- DATA FOR ANALYSIS
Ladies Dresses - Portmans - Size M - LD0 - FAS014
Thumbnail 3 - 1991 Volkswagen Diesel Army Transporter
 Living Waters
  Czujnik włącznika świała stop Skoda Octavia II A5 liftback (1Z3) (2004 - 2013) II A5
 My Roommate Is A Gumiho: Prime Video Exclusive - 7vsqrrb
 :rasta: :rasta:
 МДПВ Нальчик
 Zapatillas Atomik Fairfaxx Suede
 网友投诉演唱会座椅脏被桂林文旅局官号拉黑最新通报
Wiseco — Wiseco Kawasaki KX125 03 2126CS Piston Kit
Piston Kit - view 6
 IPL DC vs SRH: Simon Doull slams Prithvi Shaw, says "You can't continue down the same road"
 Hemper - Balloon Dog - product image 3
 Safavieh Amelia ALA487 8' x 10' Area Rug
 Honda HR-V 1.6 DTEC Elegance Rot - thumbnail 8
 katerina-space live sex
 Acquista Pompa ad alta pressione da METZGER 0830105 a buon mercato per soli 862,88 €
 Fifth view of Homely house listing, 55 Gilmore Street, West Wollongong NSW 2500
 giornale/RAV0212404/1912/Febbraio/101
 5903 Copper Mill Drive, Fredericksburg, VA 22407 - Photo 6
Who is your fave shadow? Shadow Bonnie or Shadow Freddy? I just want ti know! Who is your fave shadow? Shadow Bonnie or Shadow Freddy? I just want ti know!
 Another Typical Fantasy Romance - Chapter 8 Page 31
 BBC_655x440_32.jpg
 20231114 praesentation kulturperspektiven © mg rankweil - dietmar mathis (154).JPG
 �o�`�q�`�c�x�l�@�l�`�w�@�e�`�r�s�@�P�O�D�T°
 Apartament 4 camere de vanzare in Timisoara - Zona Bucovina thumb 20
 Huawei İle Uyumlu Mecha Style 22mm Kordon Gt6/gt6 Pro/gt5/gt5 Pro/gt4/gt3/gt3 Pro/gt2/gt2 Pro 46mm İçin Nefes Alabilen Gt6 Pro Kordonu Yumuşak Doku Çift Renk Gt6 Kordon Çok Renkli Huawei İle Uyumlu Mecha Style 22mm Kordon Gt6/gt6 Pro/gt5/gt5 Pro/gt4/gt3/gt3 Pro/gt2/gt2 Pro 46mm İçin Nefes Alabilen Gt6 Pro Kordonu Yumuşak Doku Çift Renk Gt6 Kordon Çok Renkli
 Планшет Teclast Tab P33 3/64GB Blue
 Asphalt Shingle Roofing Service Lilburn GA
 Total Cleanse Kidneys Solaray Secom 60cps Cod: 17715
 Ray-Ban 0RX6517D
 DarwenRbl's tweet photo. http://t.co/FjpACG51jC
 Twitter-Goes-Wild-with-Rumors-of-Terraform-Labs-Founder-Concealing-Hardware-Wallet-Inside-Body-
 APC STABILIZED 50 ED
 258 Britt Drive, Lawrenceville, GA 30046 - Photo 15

- WHAT IS BEING ASKED
Would you repeat the lines from the one containing "Piston Kit - view 6" through the end of the data, exactly, with nothing before or after them?

- EXERCISE SOLUTION
Piston Kit - view 6
 IPL DC vs SRH: Simon Doull slams Prithvi Shaw, says "You can't continue down the same road"
 Hemper - Balloon Dog - product image 3
 Safavieh Amelia ALA487 8' x 10' Area Rug
 Honda HR-V 1.6 DTEC Elegance Rot - thumbnail 8
 katerina-space live sex
 Acquista Pompa ad alta pressione da METZGER 0830105 a buon mercato per soli 862,88 €
 Fifth view of Homely house listing, 55 Gilmore Street, West Wollongong NSW 2500
 giornale/RAV0212404/1912/Febbraio/101
 5903 Copper Mill Drive, Fredericksburg, VA 22407 - Photo 6
Who is your fave shadow? Shadow Bonnie or Shadow Freddy? I just want ti know! Who is your fave shadow? Shadow Bonnie or Shadow Freddy? I just want ti know!
 Another Typical Fantasy Romance - Chapter 8 Page 31
 BBC_655x440_32.jpg
 20231114 praesentation kulturperspektiven © mg rankweil - dietmar mathis (154).JPG
 �o�`�q�`�c�x�l�@�l�`�w�@�e�`�r�s�@�P�O�D�T°
 Apartament 4 camere de vanzare in Timisoara - Zona Bucovina thumb 20
 Huawei İle Uyumlu Mecha Style 22mm Kordon Gt6/gt6 Pro/gt5/gt5 Pro/gt4/gt3/gt3 Pro/gt2/gt2 Pro 46mm İçin Nefes Alabilen Gt6 Pro Kordonu Yumuşak Doku Çift Renk Gt6 Kordon Çok Renkli Huawei İle Uyumlu Mecha Style 22mm Kordon Gt6/gt6 Pro/gt5/gt5 Pro/gt4/gt3/gt3 Pro/gt2/gt2 Pro 46mm İçin Nefes Alabilen Gt6 Pro Kordonu Yumuşak Doku Çift Renk Gt6 Kordon Çok Renkli
 Планшет Teclast Tab P33 3/64GB Blue
 Asphalt Shingle Roofing Service Lilburn GA
 Total Cleanse Kidneys Solaray Secom 60cps Cod: 17715
 Ray-Ban 0RX6517D
 DarwenRbl's tweet photo. http://t.co/FjpACG51jC
 Twitter-Goes-Wild-with-Rumors-of-Terraform-Labs-Founder-Concealing-Hardware-Wallet-Inside-Body-
 APC STABILIZED 50 ED
 258 Britt Drive, Lawrenceville, GA 30046 - Photo 15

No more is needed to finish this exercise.